ACTIVITY – Whatever the records say, give every one of them again exactly.

----

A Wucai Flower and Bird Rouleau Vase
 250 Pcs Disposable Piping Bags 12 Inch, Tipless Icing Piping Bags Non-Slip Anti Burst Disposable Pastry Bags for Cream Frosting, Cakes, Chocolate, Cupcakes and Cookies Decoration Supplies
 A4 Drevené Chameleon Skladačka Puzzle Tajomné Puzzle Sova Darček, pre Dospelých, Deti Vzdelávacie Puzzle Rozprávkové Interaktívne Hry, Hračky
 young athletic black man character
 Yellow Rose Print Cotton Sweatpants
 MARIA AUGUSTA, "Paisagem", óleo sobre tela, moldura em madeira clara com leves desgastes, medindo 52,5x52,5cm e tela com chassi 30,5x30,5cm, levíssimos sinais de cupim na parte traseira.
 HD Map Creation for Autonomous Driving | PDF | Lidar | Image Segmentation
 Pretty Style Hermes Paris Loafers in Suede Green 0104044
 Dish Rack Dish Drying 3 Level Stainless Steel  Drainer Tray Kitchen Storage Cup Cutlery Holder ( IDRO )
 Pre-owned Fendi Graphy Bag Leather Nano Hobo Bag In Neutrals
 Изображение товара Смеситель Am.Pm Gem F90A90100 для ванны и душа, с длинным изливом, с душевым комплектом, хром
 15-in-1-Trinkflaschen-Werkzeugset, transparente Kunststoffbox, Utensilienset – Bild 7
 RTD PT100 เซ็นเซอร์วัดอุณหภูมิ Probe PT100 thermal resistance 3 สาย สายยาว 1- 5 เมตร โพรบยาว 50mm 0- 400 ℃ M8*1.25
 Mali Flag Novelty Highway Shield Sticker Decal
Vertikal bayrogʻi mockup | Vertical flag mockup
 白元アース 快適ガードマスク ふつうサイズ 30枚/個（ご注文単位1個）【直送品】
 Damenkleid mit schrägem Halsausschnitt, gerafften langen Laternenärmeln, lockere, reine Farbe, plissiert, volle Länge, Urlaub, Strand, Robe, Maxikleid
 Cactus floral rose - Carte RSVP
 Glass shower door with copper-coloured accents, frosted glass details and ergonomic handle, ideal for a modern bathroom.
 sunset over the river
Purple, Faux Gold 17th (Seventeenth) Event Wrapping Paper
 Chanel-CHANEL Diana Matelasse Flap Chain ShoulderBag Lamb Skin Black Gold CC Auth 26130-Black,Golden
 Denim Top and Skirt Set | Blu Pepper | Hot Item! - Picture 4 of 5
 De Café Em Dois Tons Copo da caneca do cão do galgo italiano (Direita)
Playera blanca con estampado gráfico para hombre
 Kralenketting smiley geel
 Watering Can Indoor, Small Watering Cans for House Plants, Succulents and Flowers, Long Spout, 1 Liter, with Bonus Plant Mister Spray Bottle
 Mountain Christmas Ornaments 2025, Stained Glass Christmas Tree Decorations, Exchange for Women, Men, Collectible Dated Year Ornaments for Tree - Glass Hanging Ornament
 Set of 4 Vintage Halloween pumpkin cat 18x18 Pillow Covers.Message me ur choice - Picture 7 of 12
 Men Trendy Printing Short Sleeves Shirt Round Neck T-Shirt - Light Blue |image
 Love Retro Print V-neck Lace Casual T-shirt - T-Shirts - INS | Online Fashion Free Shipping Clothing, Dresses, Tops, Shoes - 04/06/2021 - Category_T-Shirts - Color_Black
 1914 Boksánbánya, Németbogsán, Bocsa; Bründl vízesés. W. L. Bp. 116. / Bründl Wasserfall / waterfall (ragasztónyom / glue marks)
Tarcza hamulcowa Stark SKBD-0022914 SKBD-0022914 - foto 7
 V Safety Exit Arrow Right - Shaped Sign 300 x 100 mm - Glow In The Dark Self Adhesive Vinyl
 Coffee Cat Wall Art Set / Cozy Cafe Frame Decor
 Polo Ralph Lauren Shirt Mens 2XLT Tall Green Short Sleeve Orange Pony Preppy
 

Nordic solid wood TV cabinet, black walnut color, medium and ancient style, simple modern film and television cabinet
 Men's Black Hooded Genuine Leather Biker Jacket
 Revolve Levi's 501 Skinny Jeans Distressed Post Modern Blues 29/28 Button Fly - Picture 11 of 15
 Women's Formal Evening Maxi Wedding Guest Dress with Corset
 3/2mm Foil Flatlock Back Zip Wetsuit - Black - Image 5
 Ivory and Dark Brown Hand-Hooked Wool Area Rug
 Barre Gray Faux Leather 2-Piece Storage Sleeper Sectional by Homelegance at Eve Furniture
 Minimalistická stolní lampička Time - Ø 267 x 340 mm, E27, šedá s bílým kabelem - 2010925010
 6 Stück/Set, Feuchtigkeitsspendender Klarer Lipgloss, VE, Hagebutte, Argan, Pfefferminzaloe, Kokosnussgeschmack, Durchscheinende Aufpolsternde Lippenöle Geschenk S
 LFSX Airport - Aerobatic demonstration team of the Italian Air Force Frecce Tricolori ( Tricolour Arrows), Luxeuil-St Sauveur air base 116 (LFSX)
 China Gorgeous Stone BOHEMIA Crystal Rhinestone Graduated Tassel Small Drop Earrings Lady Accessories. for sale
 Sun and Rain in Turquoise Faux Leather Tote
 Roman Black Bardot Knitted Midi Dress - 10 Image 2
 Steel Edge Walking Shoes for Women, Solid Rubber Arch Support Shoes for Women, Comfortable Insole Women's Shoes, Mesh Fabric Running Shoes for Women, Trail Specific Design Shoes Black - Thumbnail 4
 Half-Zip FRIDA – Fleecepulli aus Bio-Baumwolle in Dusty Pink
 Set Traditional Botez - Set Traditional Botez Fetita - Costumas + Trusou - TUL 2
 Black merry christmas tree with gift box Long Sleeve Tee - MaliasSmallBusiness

----

OUTPUT OF THE TASK –
A Wucai Flower and Bird Rouleau Vase
 250 Pcs Disposable Piping Bags 12 Inch, Tipless Icing Piping Bags Non-Slip Anti Burst Disposable Pastry Bags for Cream Frosting, Cakes, Chocolate, Cupcakes and Cookies Decoration Supplies
 A4 Drevené Chameleon Skladačka Puzzle Tajomné Puzzle Sova Darček, pre Dospelých, Deti Vzdelávacie Puzzle Rozprávkové Interaktívne Hry, Hračky
 young athletic black man character
 Yellow Rose Print Cotton Sweatpants
 MARIA AUGUSTA, "Paisagem", óleo sobre tela, moldura em madeira clara com leves desgastes, medindo 52,5x52,5cm e tela com chassi 30,5x30,5cm, levíssimos sinais de cupim na parte traseira.
 HD Map Creation for Autonomous Driving | PDF | Lidar | Image Segmentation
 Pretty Style Hermes Paris Loafers in Suede Green 0104044
 Dish Rack Dish Drying 3 Level Stainless Steel  Drainer Tray Kitchen Storage Cup Cutlery Holder ( IDRO )
 Pre-owned Fendi Graphy Bag Leather Nano Hobo Bag In Neutrals
 Изображение товара Смеситель Am.Pm Gem F90A90100 для ванны и душа, с длинным изливом, с душевым комплектом, хром
 15-in-1-Trinkflaschen-Werkzeugset, transparente Kunststoffbox, Utensilienset – Bild 7
 RTD PT100 เซ็นเซอร์วัดอุณหภูมิ Probe PT100 thermal resistance 3 สาย สายยาว 1- 5 เมตร โพรบยาว 50mm 0- 400 ℃ M8*1.25
 Mali Flag Novelty Highway Shield Sticker Decal
Vertikal bayrogʻi mockup | Vertical flag mockup
 白元アース 快適ガードマスク ふつうサイズ 30枚/個（ご注文単位1個）【直送品】
 Damenkleid mit schrägem Halsausschnitt, gerafften langen Laternenärmeln, lockere, reine Farbe, plissiert, volle Länge, Urlaub, Strand, Robe, Maxikleid
 Cactus floral rose - Carte RSVP
 Glass shower door with copper-coloured accents, frosted glass details and ergonomic handle, ideal for a modern bathroom.
 sunset over the river
Purple, Faux Gold 17th (Seventeenth) Event Wrapping Paper
 Chanel-CHANEL Diana Matelasse Flap Chain ShoulderBag Lamb Skin Black Gold CC Auth 26130-Black,Golden
 Denim Top and Skirt Set | Blu Pepper | Hot Item! - Picture 4 of 5
 De Café Em Dois Tons Copo da caneca do cão do galgo italiano (Direita)
Playera blanca con estampado gráfico para hombre
 Kralenketting smiley geel
 Watering Can Indoor, Small Watering Cans for House Plants, Succulents and Flowers, Long Spout, 1 Liter, with Bonus Plant Mister Spray Bottle
 Mountain Christmas Ornaments 2025, Stained Glass Christmas Tree Decorations, Exchange for Women, Men, Collectible Dated Year Ornaments for Tree - Glass Hanging Ornament
 Set of 4 Vintage Halloween pumpkin cat 18x18 Pillow Covers.Message me ur choice - Picture 7 of 12
 Men Trendy Printing Short Sleeves Shirt Round Neck T-Shirt - Light Blue |image
 Love Retro Print V-neck Lace Casual T-shirt - T-Shirts - INS | Online Fashion Free Shipping Clothing, Dresses, Tops, Shoes - 04/06/2021 - Category_T-Shirts - Color_Black
 1914 Boksánbánya, Németbogsán, Bocsa; Bründl vízesés. W. L. Bp. 116. / Bründl Wasserfall / waterfall (ragasztónyom / glue marks)
Tarcza hamulcowa Stark SKBD-0022914 SKBD-0022914 - foto 7
 V Safety Exit Arrow Right - Shaped Sign 300 x 100 mm - Glow In The Dark Self Adhesive Vinyl
 Coffee Cat Wall Art Set / Cozy Cafe Frame Decor
 Polo Ralph Lauren Shirt Mens 2XLT Tall Green Short Sleeve Orange Pony Preppy
 

Nordic solid wood TV cabinet, black walnut color, medium and ancient style, simple modern film and television cabinet
 Men's Black Hooded Genuine Leather Biker Jacket
 Revolve Levi's 501 Skinny Jeans Distressed Post Modern Blues 29/28 Button Fly - Picture 11 of 15
 Women's Formal Evening Maxi Wedding Guest Dress with Corset
 3/2mm Foil Flatlock Back Zip Wetsuit - Black - Image 5
 Ivory and Dark Brown Hand-Hooked Wool Area Rug
 Barre Gray Faux Leather 2-Piece Storage Sleeper Sectional by Homelegance at Eve Furniture
 Minimalistická stolní lampička Time - Ø 267 x 340 mm, E27, šedá s bílým kabelem - 2010925010
 6 Stück/Set, Feuchtigkeitsspendender Klarer Lipgloss, VE, Hagebutte, Argan, Pfefferminzaloe, Kokosnussgeschmack, Durchscheinende Aufpolsternde Lippenöle Geschenk S
 LFSX Airport - Aerobatic demonstration team of the Italian Air Force Frecce Tricolori ( Tricolour Arrows), Luxeuil-St Sauveur air base 116 (LFSX)
 China Gorgeous Stone BOHEMIA Crystal Rhinestone Graduated Tassel Small Drop Earrings Lady Accessories. for sale
 Sun and Rain in Turquoise Faux Leather Tote
 Roman Black Bardot Knitted Midi Dress - 10 Image 2
 Steel Edge Walking Shoes for Women, Solid Rubber Arch Support Shoes for Women, Comfortable Insole Women's Shoes, Mesh Fabric Running Shoes for Women, Trail Specific Design Shoes Black - Thumbnail 4
 Half-Zip FRIDA – Fleecepulli aus Bio-Baumwolle in Dusty Pink
 Set Traditional Botez - Set Traditional Botez Fetita - Costumas + Trusou - TUL 2
 Black merry christmas tree with gift box Long Sleeve Tee - MaliasSmallBusiness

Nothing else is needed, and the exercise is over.